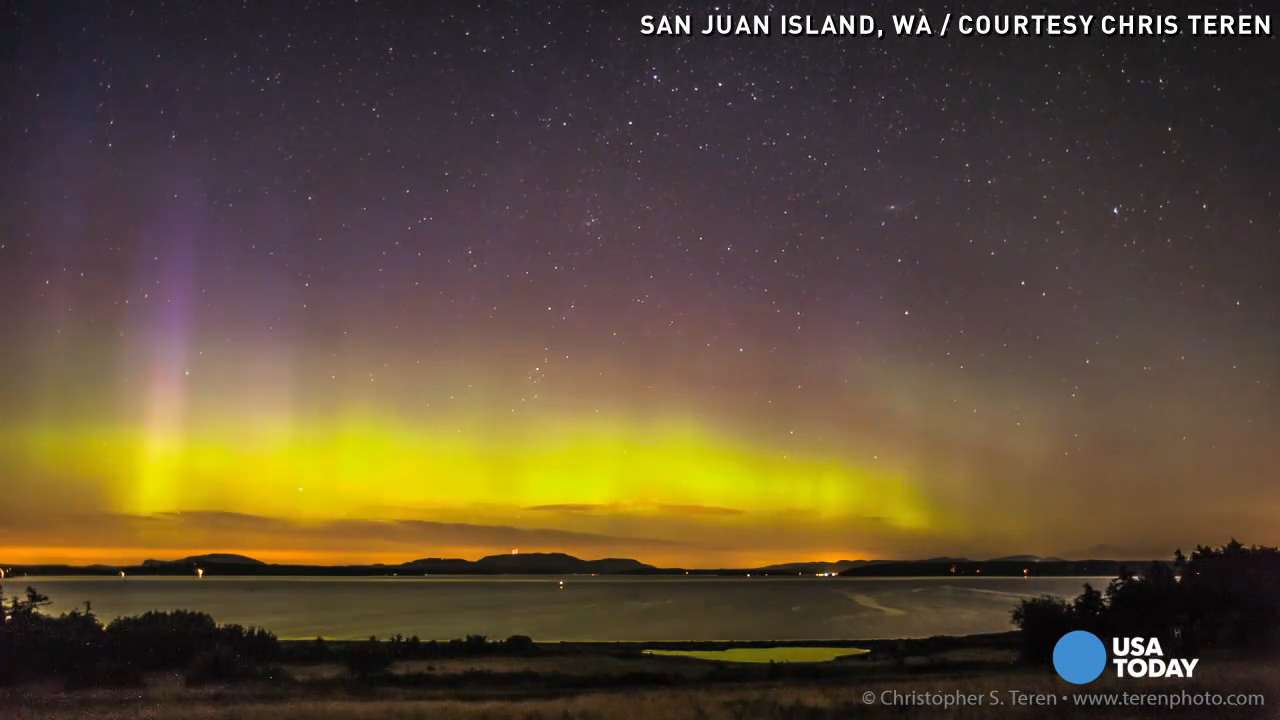 Watch Aurora borealis glows over Washington state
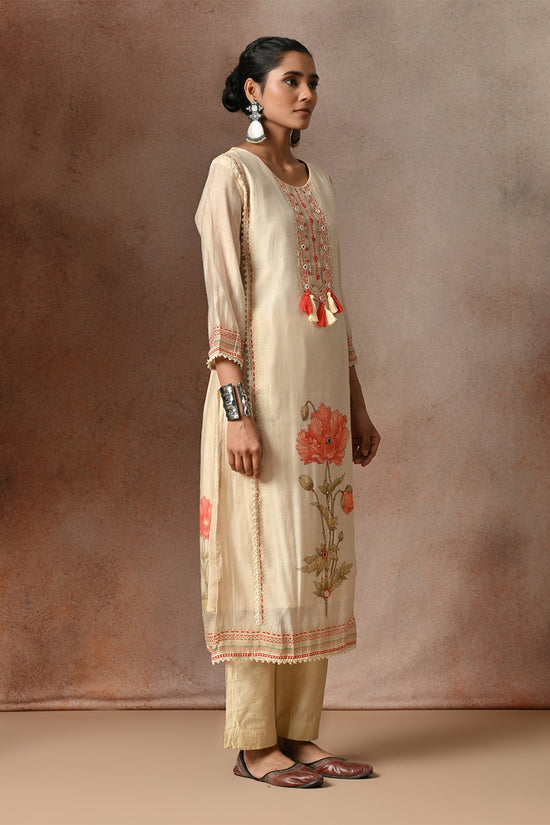 Cream Floral Printed Chanderi 3 Pcs Kurta Set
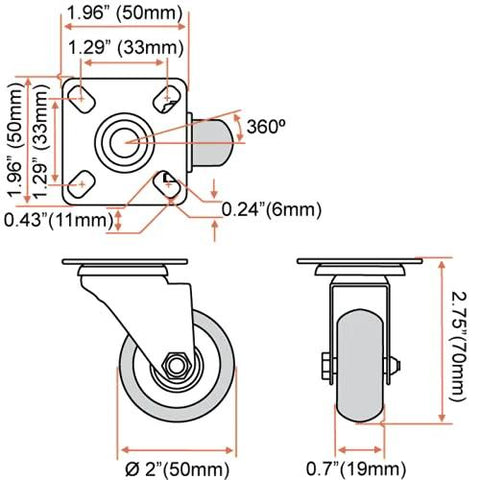 Diagram of 8 Pack Swivel Plate Casters With Red Polyurethane Wheels 2 Inch Diameter Plate 50mm Hole Center 33mm Locking Brakes Optional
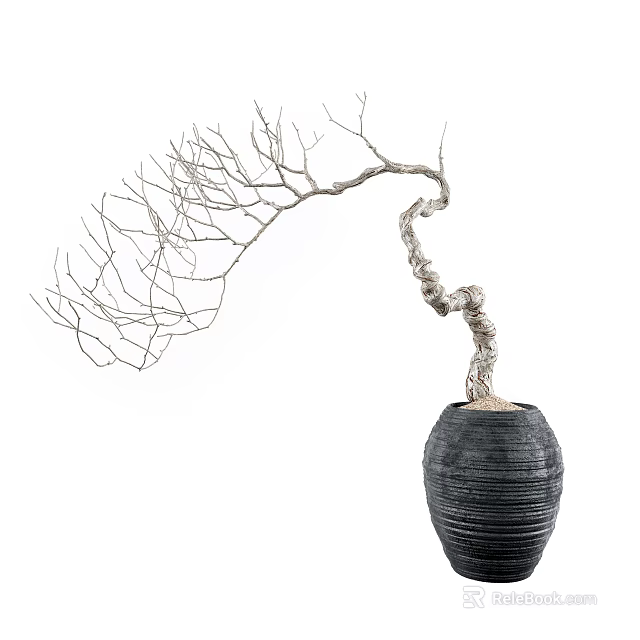 Elegant Garden Ornament With Curved Bare Branches In Black Woven Pot 3d model 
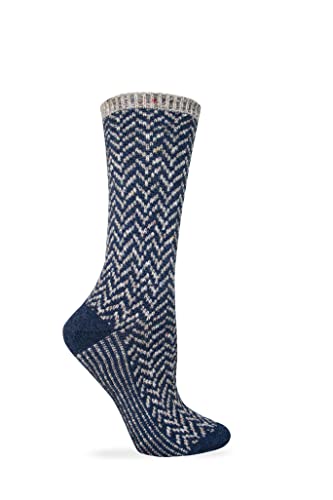 Wise Blend Chevron Crew Socks, 1 Pair, Denim, Medium, Shoe Size W 6-9
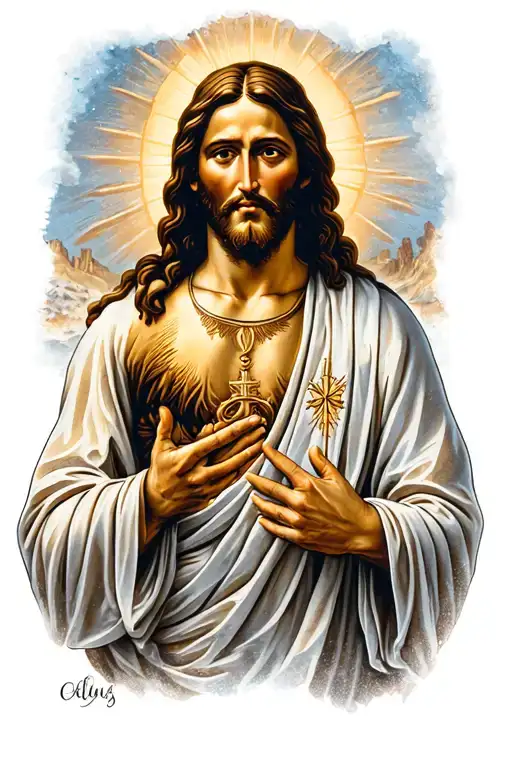 Jesus Christ Looking Over Valley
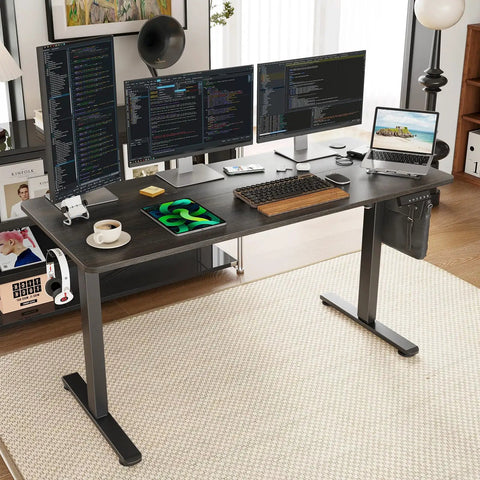 Solid Electric Adjustable Standing Desk With 40x24 Inch Tabletop, Folding Corner Office Table, Dope Gaming Setup, Easy Peasy Study Bedroom Vibes, Portable Walnut Metal Frame, Total Game Changer For Your Daily Grind with dual monitors.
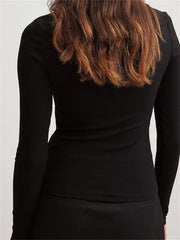 Spring Autumn Slim Ribbed Solid Color Long Sleeve Square Neck Buttons Up Streetwear New Tee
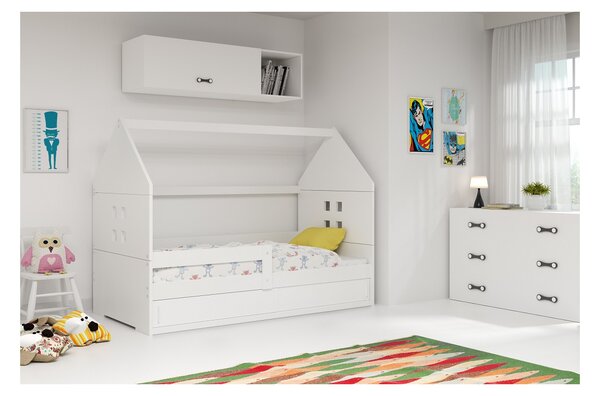 Dětská postel s úložným prostorem ve tvaru domku bez matrace 80x160 PRISCILA 1 - bílá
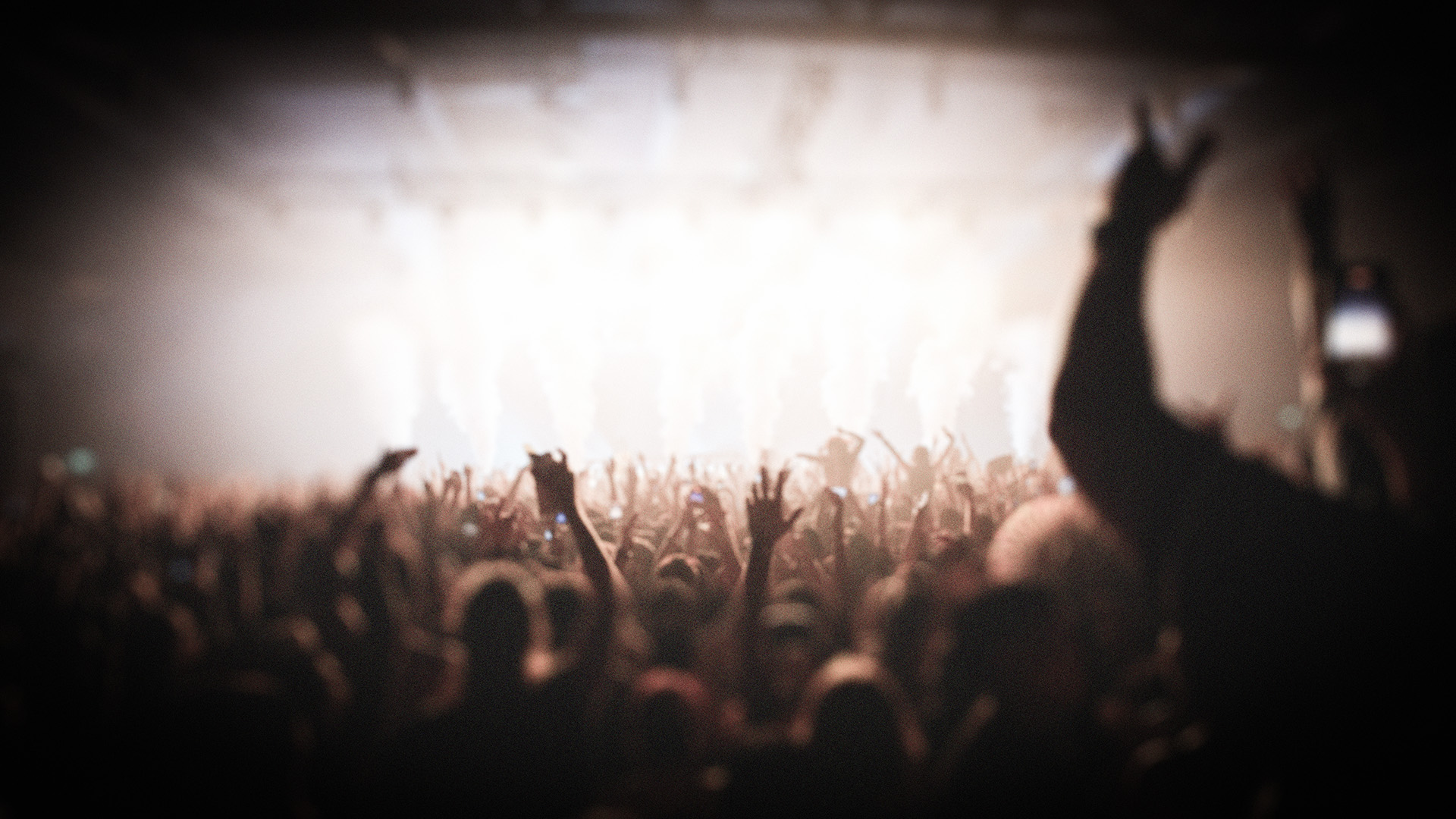 A crowd of people with their hands up at an event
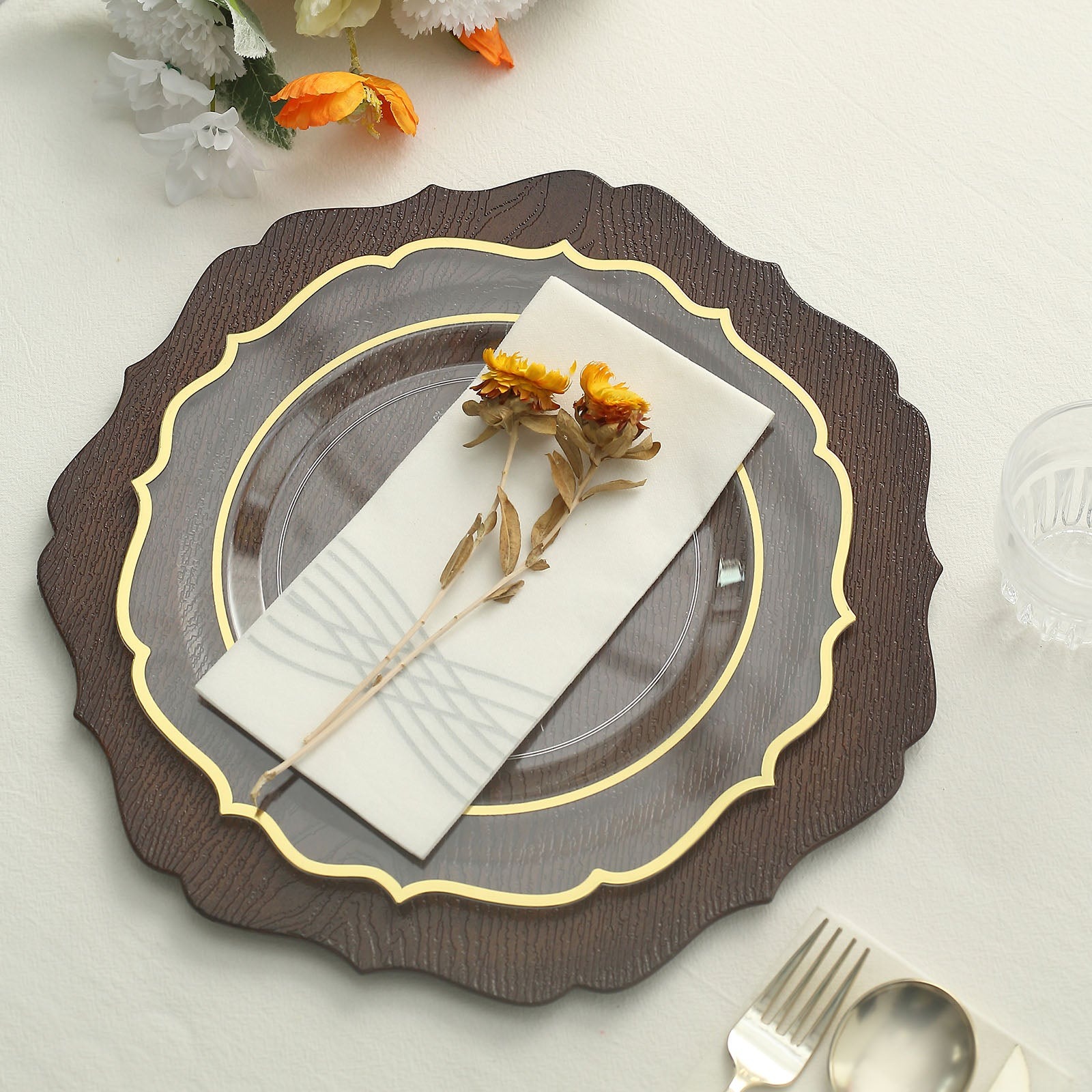 6 Round 13" Rustic Wooden Acrylic Charger Plates Scallop Rim Design Party Events - Picture 7 of 26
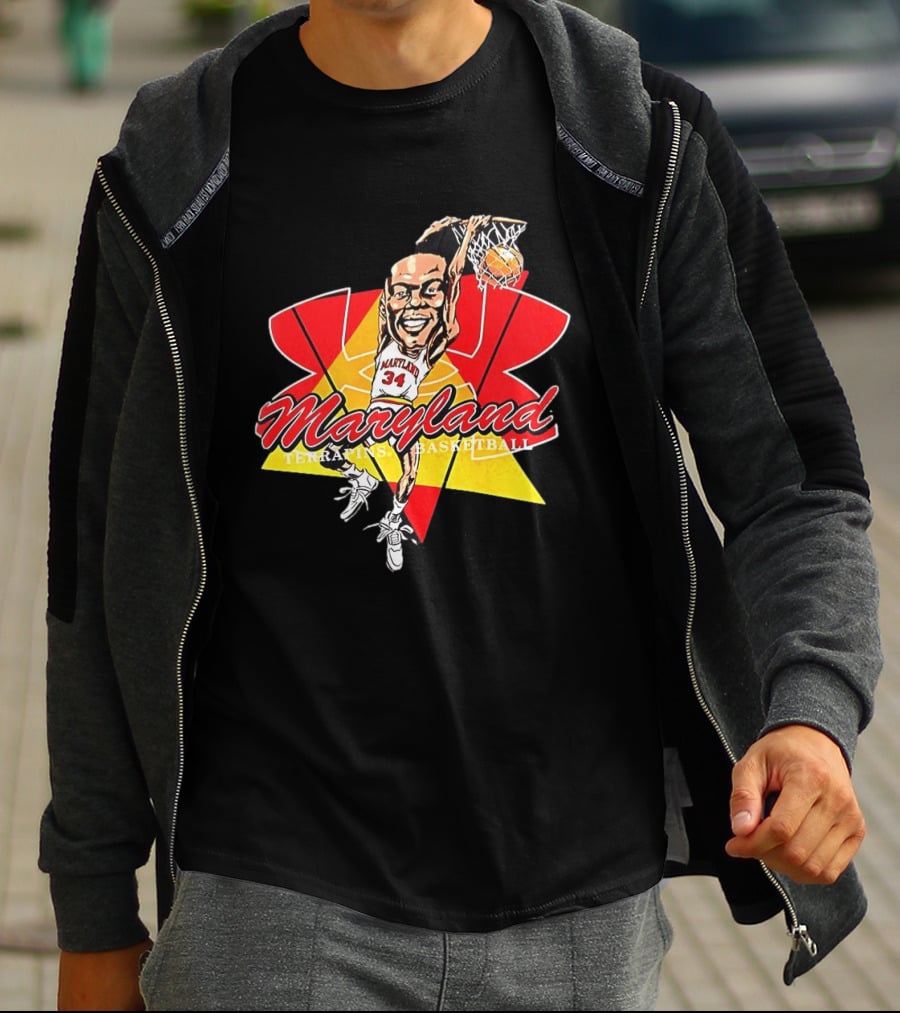 Len Bias Maryland Terrapins Mens Basketball Player Caricature T-Shirt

-.-.-

**What the task requires:**
Give back the records above exactly. Pictures stay out.

**Answer area:**
 Watch Aurora borealis glows over Washington state
 Cream Floral Printed Chanderi 3 Pcs Kurta Set
 Diagram of 8 Pack Swivel Plate Casters With Red Polyurethane Wheels 2 Inch Diameter Plate 50mm Hole Center 33mm Locking Brakes Optional
 Elegant Garden Ornament With Curved Bare Branches In Black Woven Pot 3d model 
 Wise Blend Chevron Crew Socks, 1 Pair, Denim, Medium, Shoe Size W 6-9
 Jesus Christ Looking Over Valley
 Solid Electric Adjustable Standing Desk With 40x24 Inch Tabletop, Folding Corner Office Table, Dope Gaming Setup, Easy Peasy Study Bedroom Vibes, Portable Walnut Metal Frame, Total Game Changer For Your Daily Grind with dual monitors.
 Spring Autumn Slim Ribbed Solid Color Long Sleeve Square Neck Buttons Up Streetwear New Tee
 Dětská postel s úložným prostorem ve tvaru domku bez matrace 80x160 PRISCILA 1 - bílá
 A crowd of people with their hands up at an event
 6 Round 13" Rustic Wooden Acrylic Charger Plates Scallop Rim Design Party Events - Picture 7 of 26
 Len Bias Maryland Terrapins Mens Basketball Player Caricature T-Shirt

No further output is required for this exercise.